• **Exercise aim**
Only the words of the entries are wanted, repeated exactly and without images.

Crawled caption data
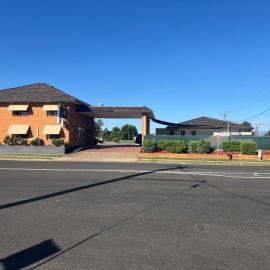 Adelong Motel, hotel v destinácii Narrabri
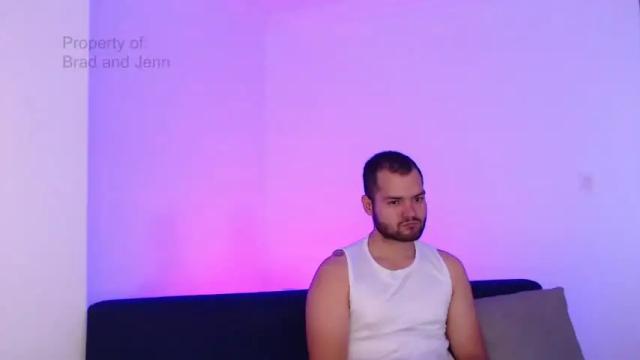 Thumbnail 2, bradandjenn's Stream at Chaturbate, 14 months ago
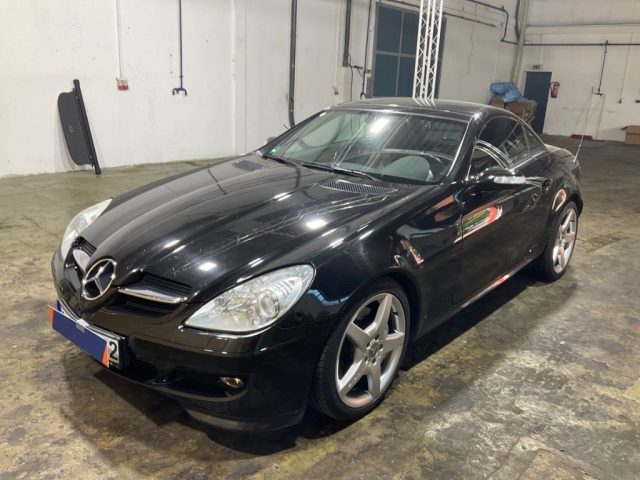 MERCEDES-BENZ SLK 350 Nero metallizzato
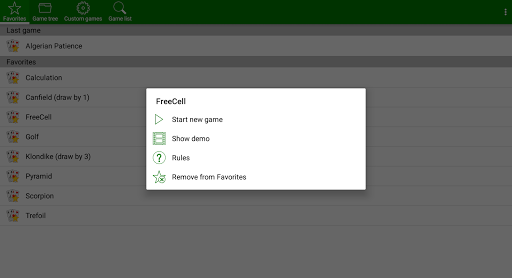 ۲۵۰+ Solitaire Collection - عکس بازی موبایلی اندروید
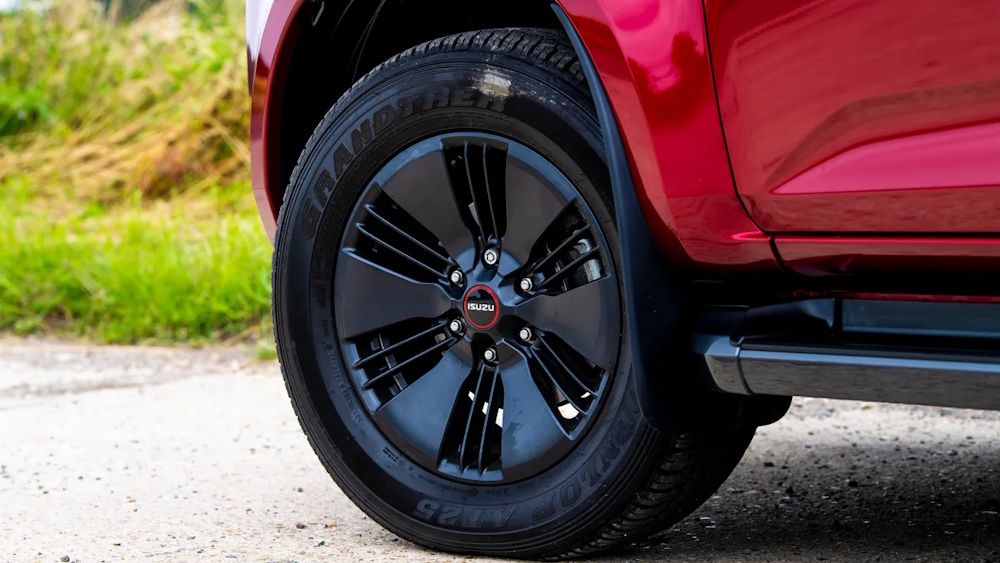 Isuzu Isuzu D-Max Diesel 1.9 Utility Double Cab 4x4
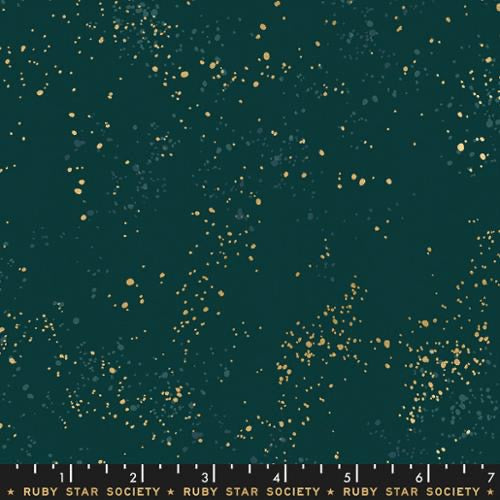 Speckled Metallic - Pine - RS5027 58M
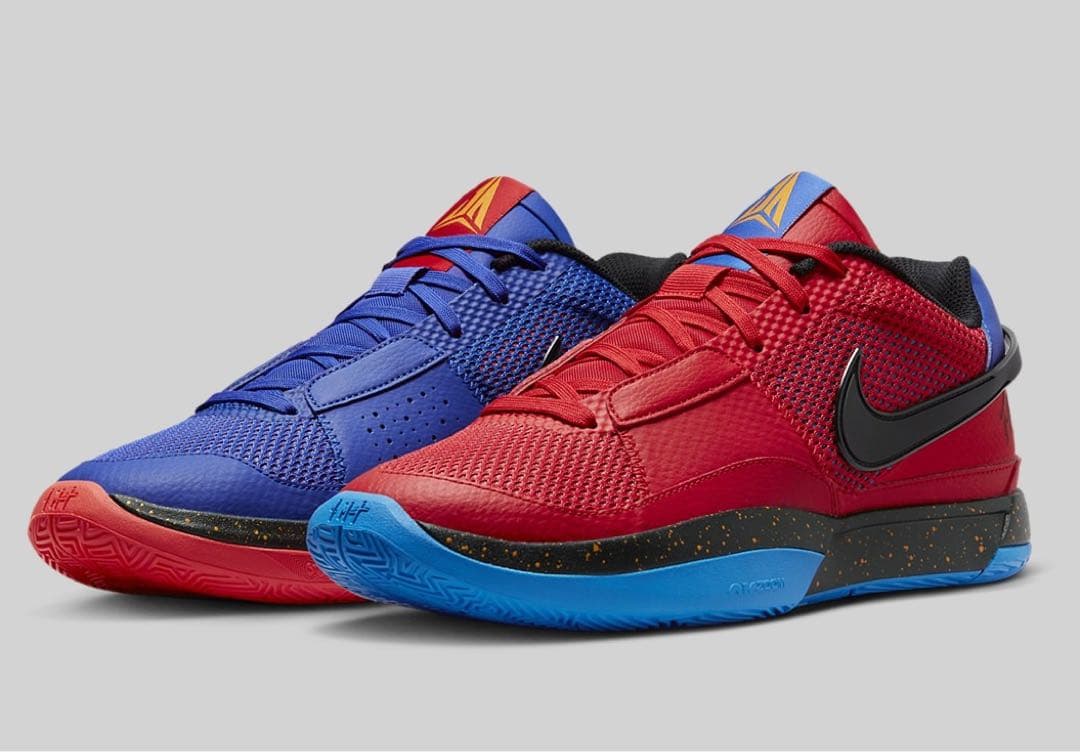 30cm Nike Ja 1 Hunger ジャ1 ミスマッチ30cm NIKE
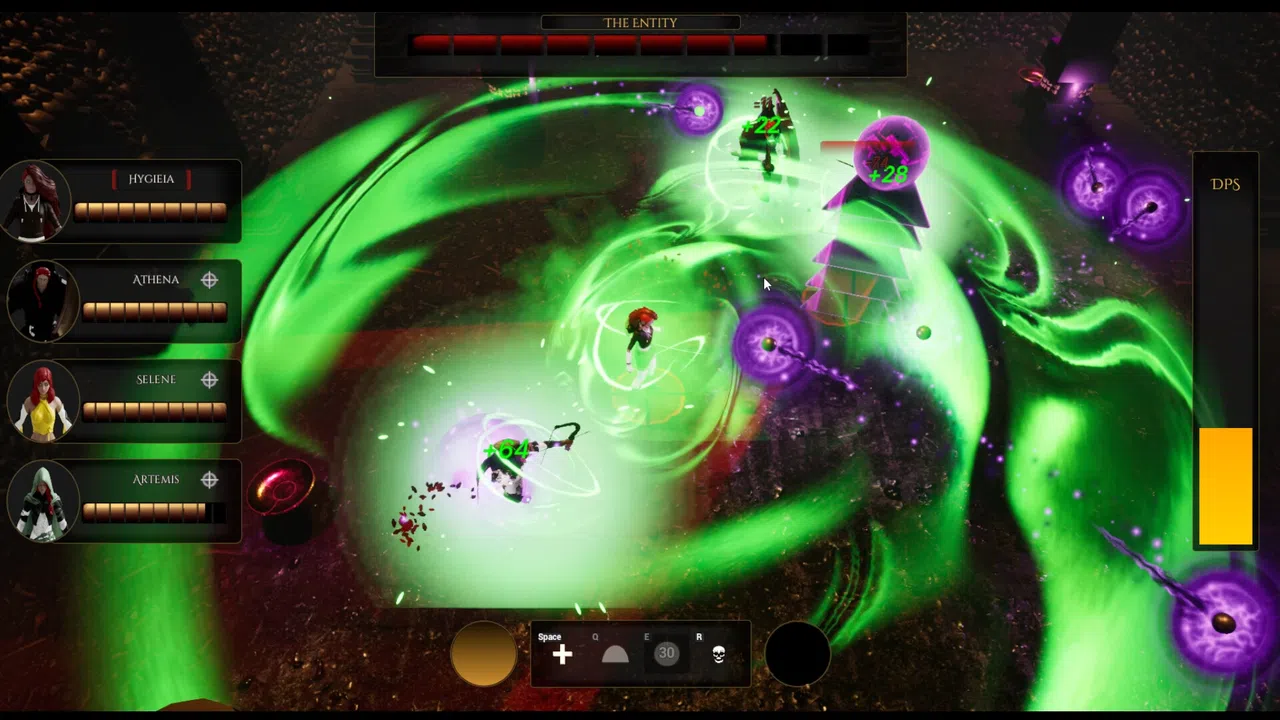 Healer Demo Screenshot 0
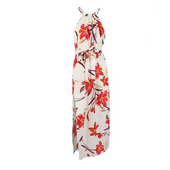 Strandkleid mit Blumen-Bombardina.de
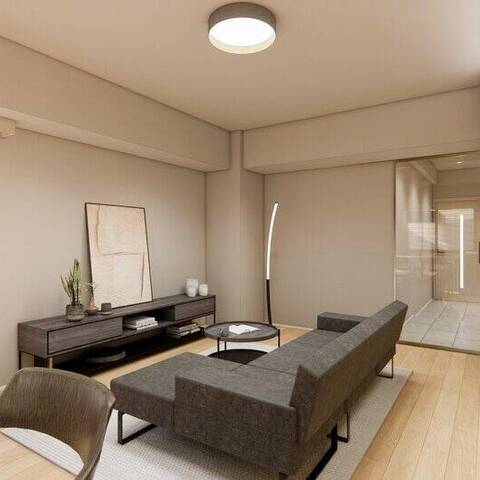 ヴィラージュ南青山の室内写真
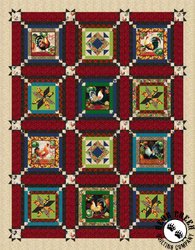 Farmer's Market II Free Quilt Pattern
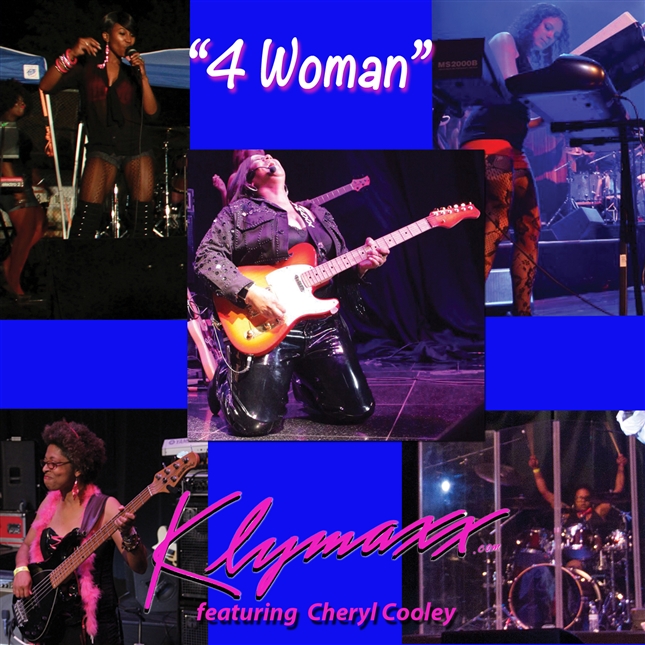 Current single: "4 Woman"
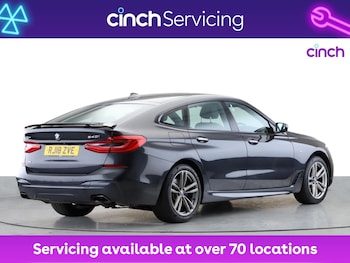 Used BMW 6 Series 2018 for sale - 76581350: Photo
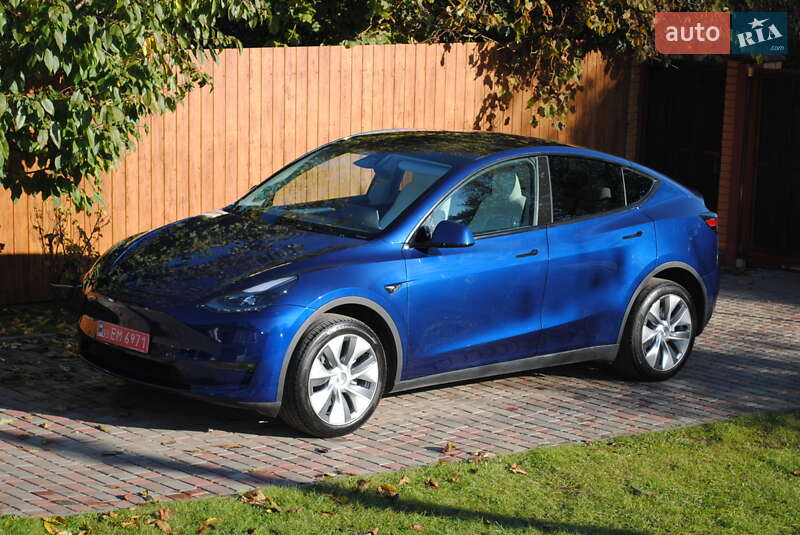 Внедорожник / Кроссовер Tesla Model Y 2024 в Луцке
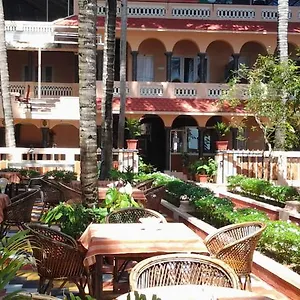 Hill Top Ayurvedic Beach Resort India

• **Result of the task**
 Adelong Motel, hotel v destinácii Narrabri
 Thumbnail 2, bradandjenn's Stream at Chaturbate, 14 months ago
 MERCEDES-BENZ SLK 350 Nero metallizzato
 ۲۵۰+ Solitaire Collection - عکس بازی موبایلی اندروید
 Isuzu Isuzu D-Max Diesel 1.9 Utility Double Cab 4x4
 Speckled Metallic - Pine - RS5027 58M
 30cm Nike Ja 1 Hunger ジャ1 ミスマッチ30cm NIKE
 Healer Demo Screenshot 0
 Strandkleid mit Blumen-Bombardina.de
 ヴィラージュ南青山の室内写真
 Farmer's Market II Free Quilt Pattern
 Current single: "4 Woman"
 Used BMW 6 Series 2018 for sale - 76581350: Photo
 Внедорожник / Кроссовер Tesla Model Y 2024 в Луцке
 Hill Top Ayurvedic Beach Resort India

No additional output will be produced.